The number one problem I encounter within teams can be summed up in a single word: misalignment.
Typically, it’s misalignment around expectations, and conflicting definitions of the word excellence. Excellence is a slippery concept, because it can mean so many different things depending on your perspective. When your team fails to have a common understanding of what excellence is, people are often (unwittingly) working toward different ends. This creates tension (the bad kind), waste (because people are spinning their wheels), and angst (because people are paranoid about whether their work is on the mark).
To do great collaborative work, you need to define the edges clearly. This means establishing from the outset how you will know you’ve succeeded (excellence) and how you will know if you’ve failed.
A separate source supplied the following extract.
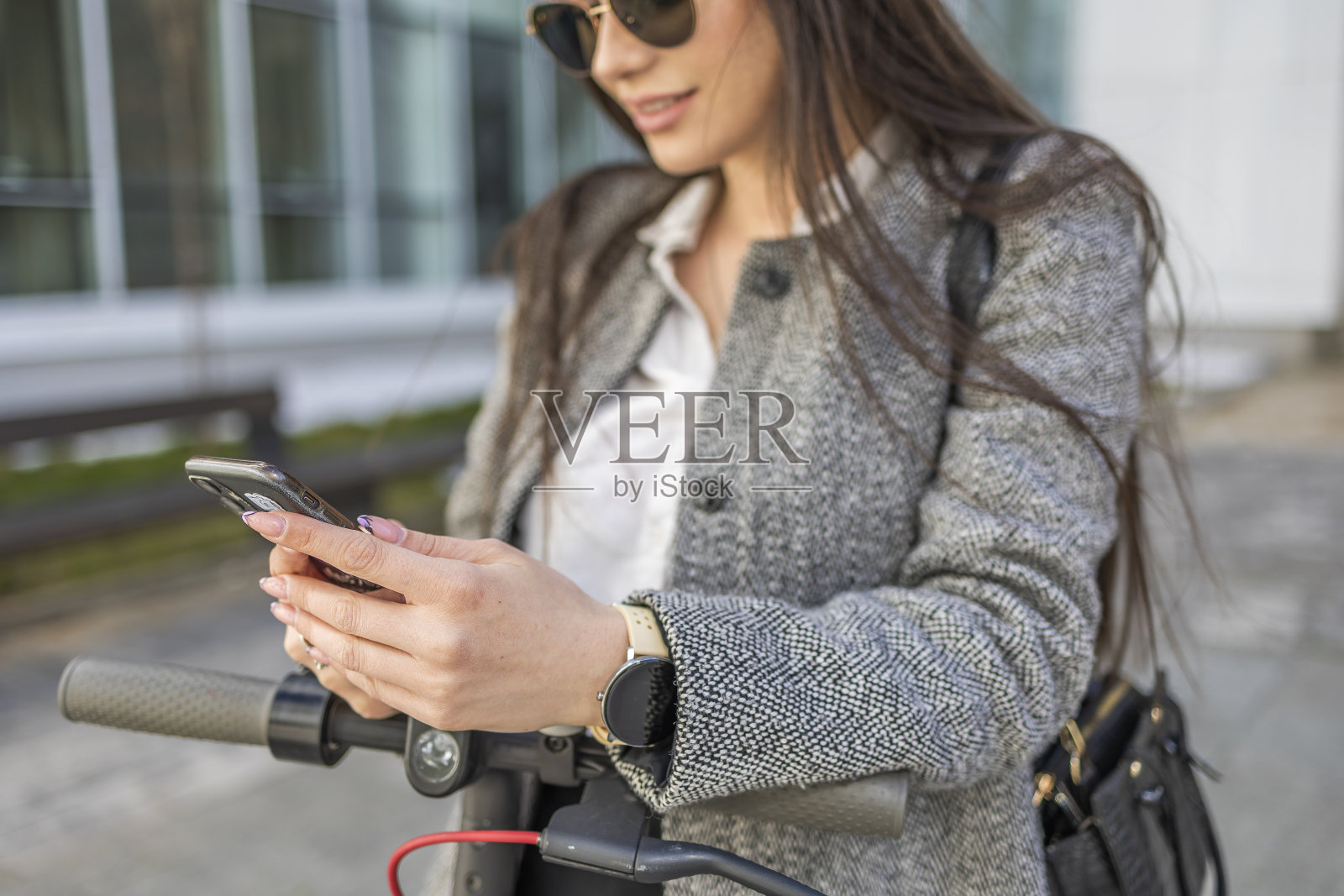 一位现代商业女性一边打电话一边骑着电动滑板车来上班。照片摄影图片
I tend to propose a three-fold measure of excellence for creative teams:
1. Did we create a quality end product that solved the problem? This is, of course, what we usually think of with regard to excellence, and it’s important. If your work isn’t quality, then sooner or later you will run out of chances to prove yourself. The question to ask is “are we proud to put our name on this?” (Or, “am I proud to put my name on this?”) If the answer is “yes”, then well-done. However, that’s only the first part of my definition of excellence.
2. Did it honor the people involved? It’s one thing to provide a quality end product, but if you destroy the trust and respect of your peers and client in the process, then you can hardly call the results excellent. I believe that an excellent result must also involve an excellent process, and one that honors the people who were involved in the work. This doesn’t mean that everyone got their way, or that no one’s feelings were hurt. That’s going to happen. However, did you do your best to ensure that the work was done openly, in the context of trust and respect, and without taking advantage of team members? Was the process excellent as well?
3. Did it honor the mission? Finally, it’s entirely possible to create something that looks brilliant to the outside world, but that violates the very core of what you stand for as an individual or team. In order for something to be truly excellent, I believe that it also has to honor the overall mission of the organization. It has to support your foundational why. If you undercut this, then you are a few short steps from losing all credibility.
I’d challenge you to ask these three questions when you are evaluating any piece of work, especially in a team environment. By filtering everything you do through them, you will illuminate the places where excellence is being compromised in the short-run, and stem the encroachment of frustration and apathy.
Be aware, and be excellent in your work.